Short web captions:
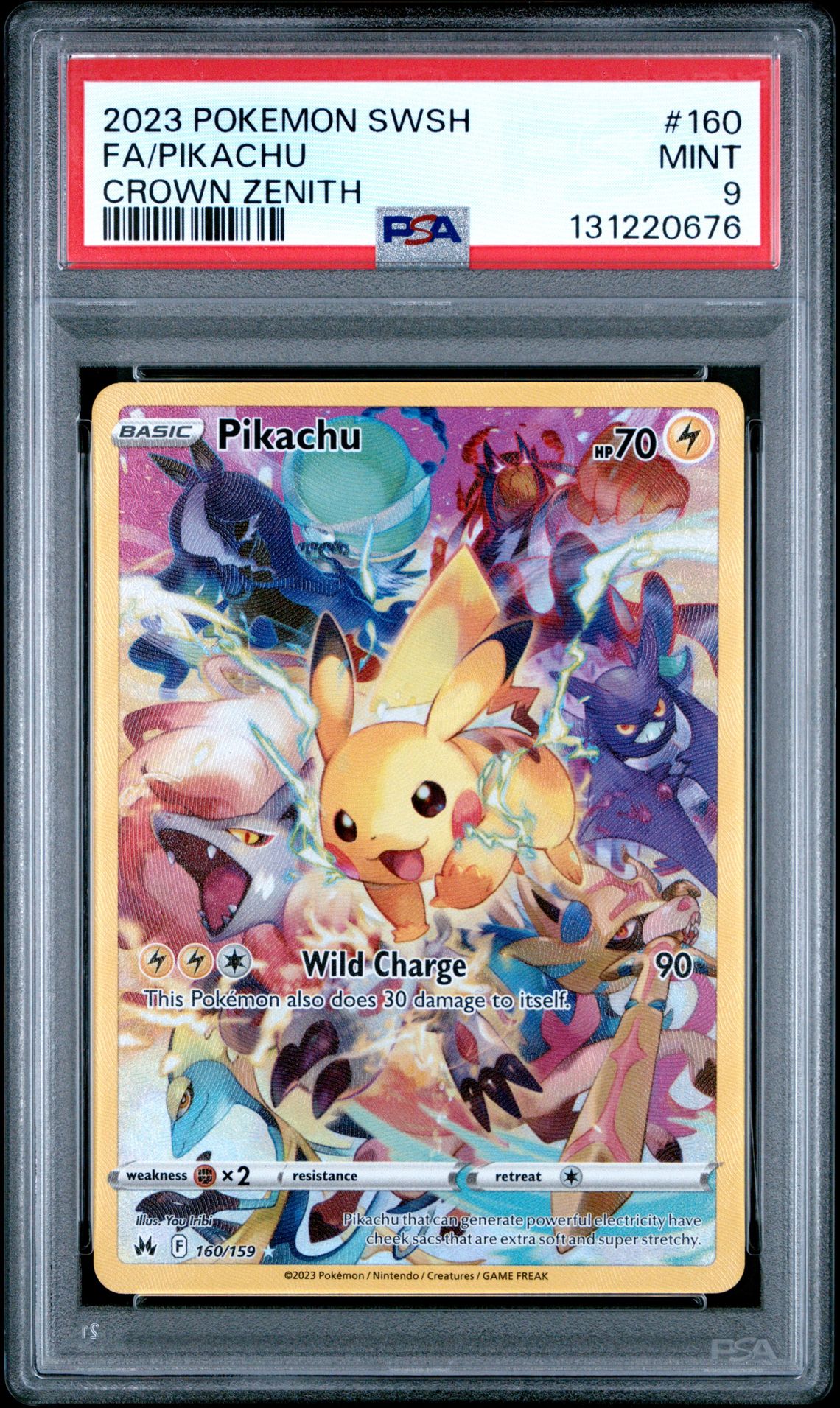 2023 Pokemon Sword And Shield Crown Zenith Fa/Pikachu #160 (Crown Zenith) Mint 9 front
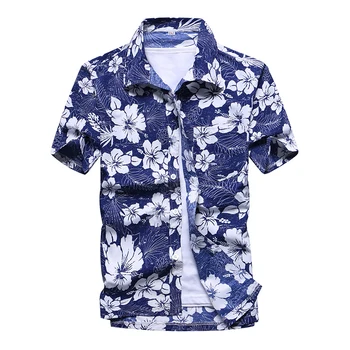 Remera Hawaiana a la moda para Hombre, camisetas informales con estampado colorido para playa, camisetas Aloha de manga corta de talla grande 5XL, Camisa Hawaiana para Hombre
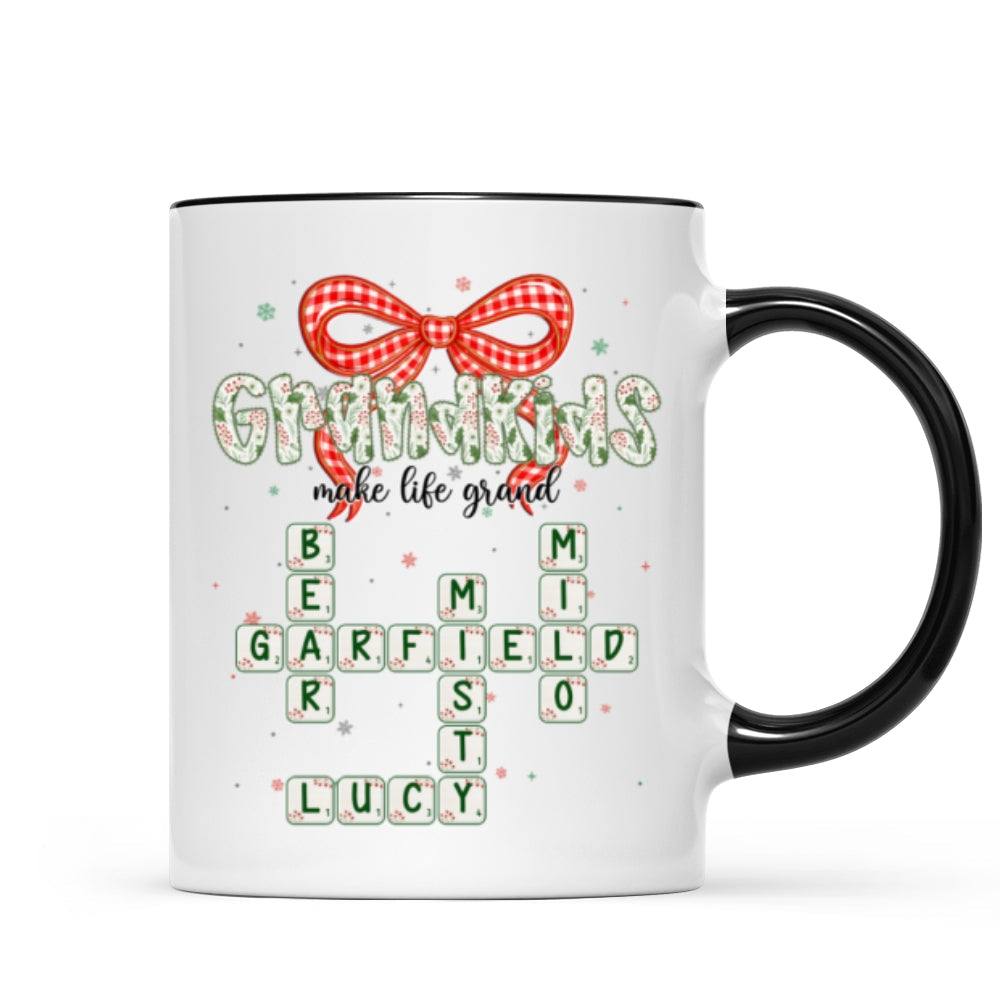 Grandkids Make Life Grand Coquette Floral Christmas Pattern Crossword Puzzle Art - Personalized Mug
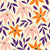 Harvest Floral - Pink and Orange Flowers with Purple Leaves on Cream Image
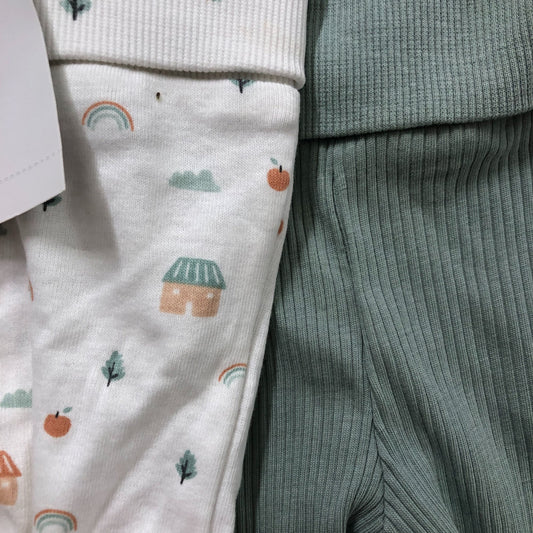 Kiabi Baby Girls Leggings Ser Size 0 Months Stylish Cotton Mix Patterned Sleep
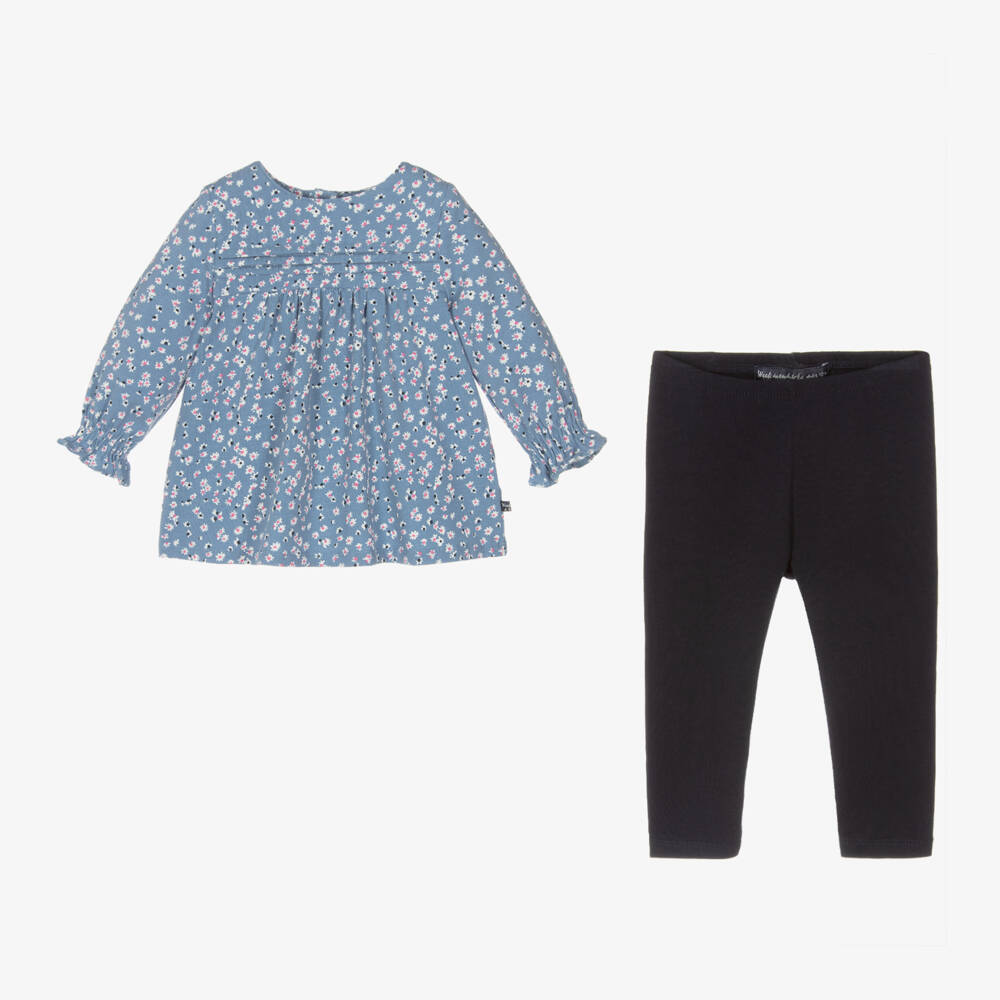 Week-end à la mer-Girls Cotton Floral Outfit Set | Childrensalon Outlet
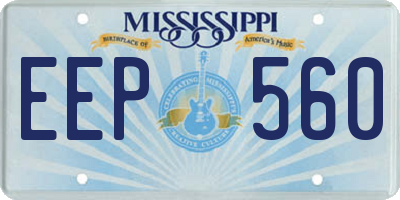 MS license plate EEP560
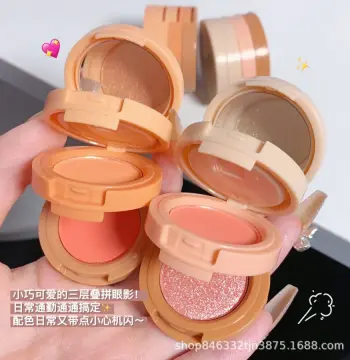 三色腮红高光修容粉珠光哑光三重一体盘跨境彩妆批发珠光哑光腮红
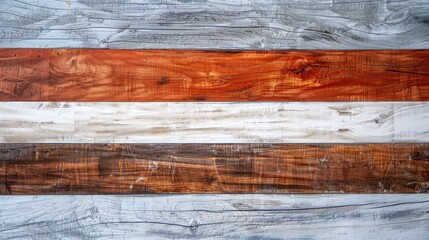 Wall Mural - Texture background with white and reddish brown wood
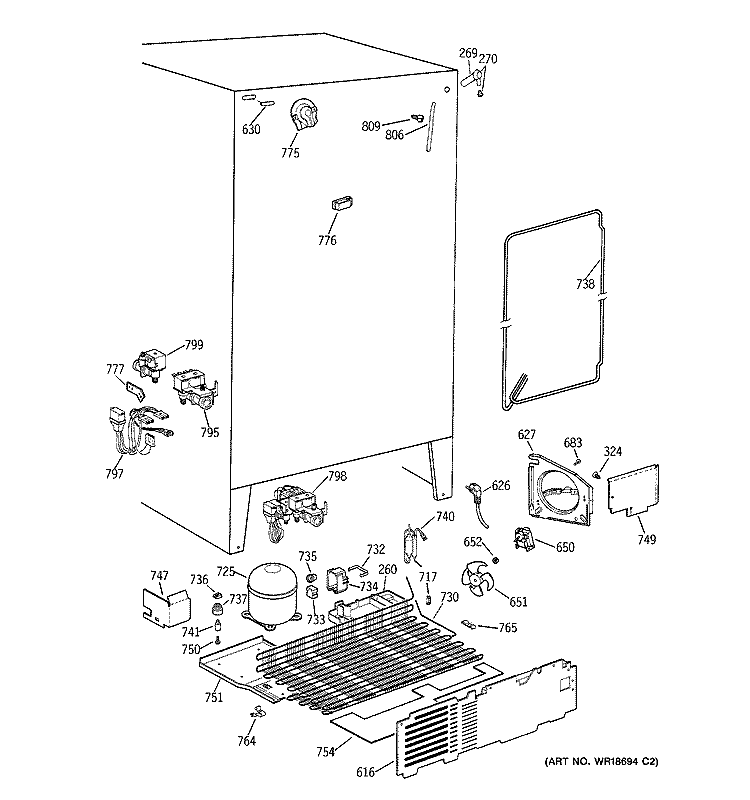 UNIT PARTS Diagram and Parts List for TFX22XPDABB  General Electric Refrigerator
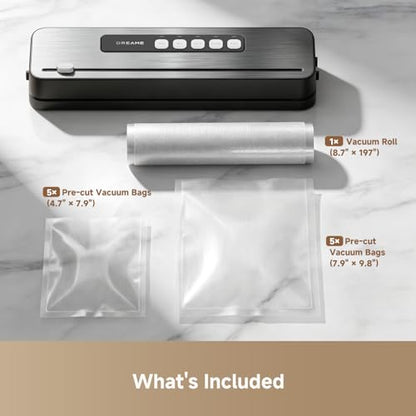 DREAME VS20 Food Vacuum Sealer, 65kPa Compact Sealer, 5 Modes with Cutter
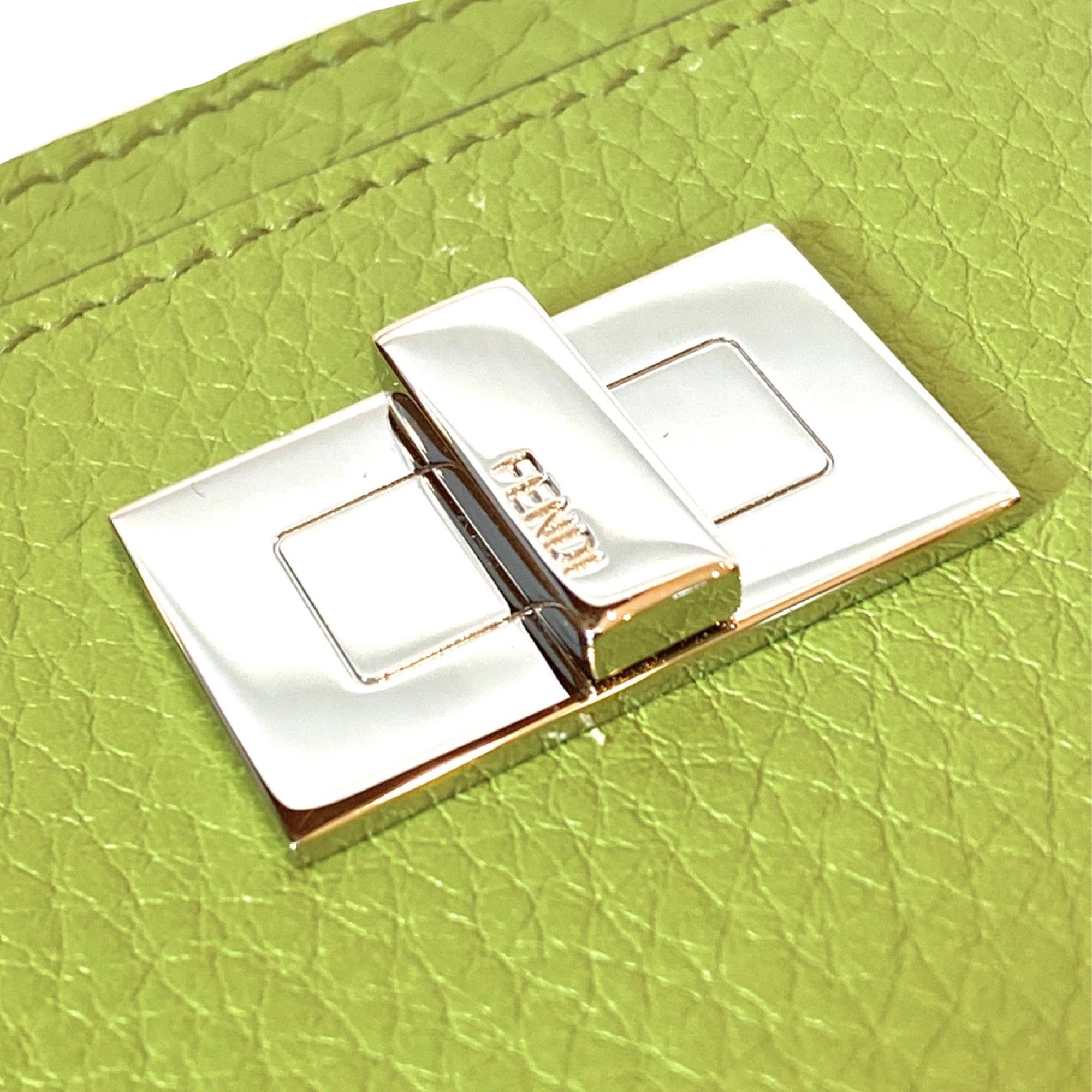 Fendi Peekaboo Green Grained Leather Card Case Wallet at_Queen_Bee_of_Beverly_Hills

Task objective: Write every entry out again exactly, dropping the pictures.

Exercise solution:
 2023 Pokemon Sword And Shield Crown Zenith Fa/Pikachu #160 (Crown Zenith) Mint 9 front
 Remera Hawaiana a la moda para Hombre, camisetas informales con estampado colorido para playa, camisetas Aloha de manga corta de talla grande 5XL, Camisa Hawaiana para Hombre
 Grandkids Make Life Grand Coquette Floral Christmas Pattern Crossword Puzzle Art - Personalized Mug
 Harvest Floral - Pink and Orange Flowers with Purple Leaves on Cream Image
 Kiabi Baby Girls Leggings Ser Size 0 Months Stylish Cotton Mix Patterned Sleep
 Week-end à la mer-Girls Cotton Floral Outfit Set | Childrensalon Outlet
 MS license plate EEP560
 三色腮红高光修容粉珠光哑光三重一体盘跨境彩妆批发珠光哑光腮红
 Wall Mural - Texture background with white and reddish brown wood
 UNIT PARTS Diagram and Parts List for TFX22XPDABB  General Electric Refrigerator
 DREAME VS20 Food Vacuum Sealer, 65kPa Compact Sealer, 5 Modes with Cutter
 Fendi Peekaboo Green Grained Leather Card Case Wallet at_Queen_Bee_of_Beverly_Hills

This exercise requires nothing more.